Alex Bledsoe’s Tufa novels are some of the finest modern fantasy out there. If you haven’t read them, they’re a treat and you owe it to yourself to pick them up. He also was part of the collective that wrote for Transgressive Horror: Reflections on Scare Films that Broke the Rules, which is where our paths crossed. He was kind enough to sit down for five questions about the Tufa novels, vampires in Memphis, and why all horror movies are transgressive. Without further ado, I give you Five For Writing with Alex Bledsoe.
1-What’s the appeal of transgressive horror films for you?
All good horror films should be transgressive in some sense; it’s in their nature. The point of horror is to expose the viewer to images and ideas they would never encounter elsewhere, and to show the embodiment of those images and ideas as realistically as possible. The German cinemagoers lucky enough to see Nosferatu on its first release would have considered the vampire as a transgressive figure, a visual representation of something that broke so many social rules.
Really, a non-transgressive horror film can’t be very horrifying, like the endless PG-13 teen “horror” films released since the turn of the century. I’ve always thought all horror films should be rated R, because even if it’s *not* overtly violent, that threat should hang over everything. A PG-13 rating is a comfort blanket, and even if some of them can be quite good, they’re never truly horrifying.

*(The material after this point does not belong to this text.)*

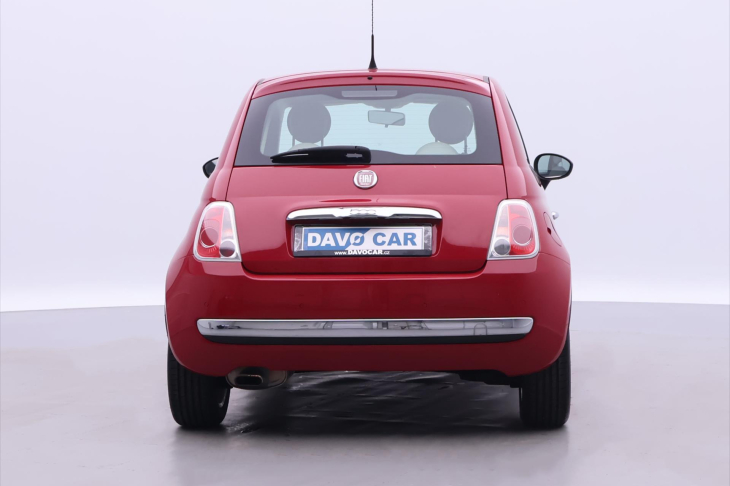 Fiat 500 1.2 i 69k CZ Lounge Serv.Kniha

2-What impact does your home base in the Smokies have on your writing?
Technically I’m from the other end of the state, close to Memphis, but my dad’s family is from the Smokies, and I’ve visited there many times. I’ve used the South as the setting for both of my past horror novels, as well as my upcoming one; although I’ve lived other places (I’ve been in Wisconsin for the past 18 years), the south is the one I most deeply understand. I think that’s why I keep returning to it as a setting; I don’t feel qualified to write about anywhere else, unless it’s a total fantasy setting.
3-You’ve got a series of vampire novels set in Memphis. What inspired you to turn vampires loose there?
It’s a city I know, or rather used to know, pretty well; my novels are set in the mid-70s. Plus it’s not over-used in horror fiction like, say, New Orleans. Memphis has a unique history, and since the novels deal with racism as well as vampires, it seemed like an ideal place to set it. I chose the year 1975 because it was before the publication of Interview with the Vampire, and thus was still the era when vampires were scary.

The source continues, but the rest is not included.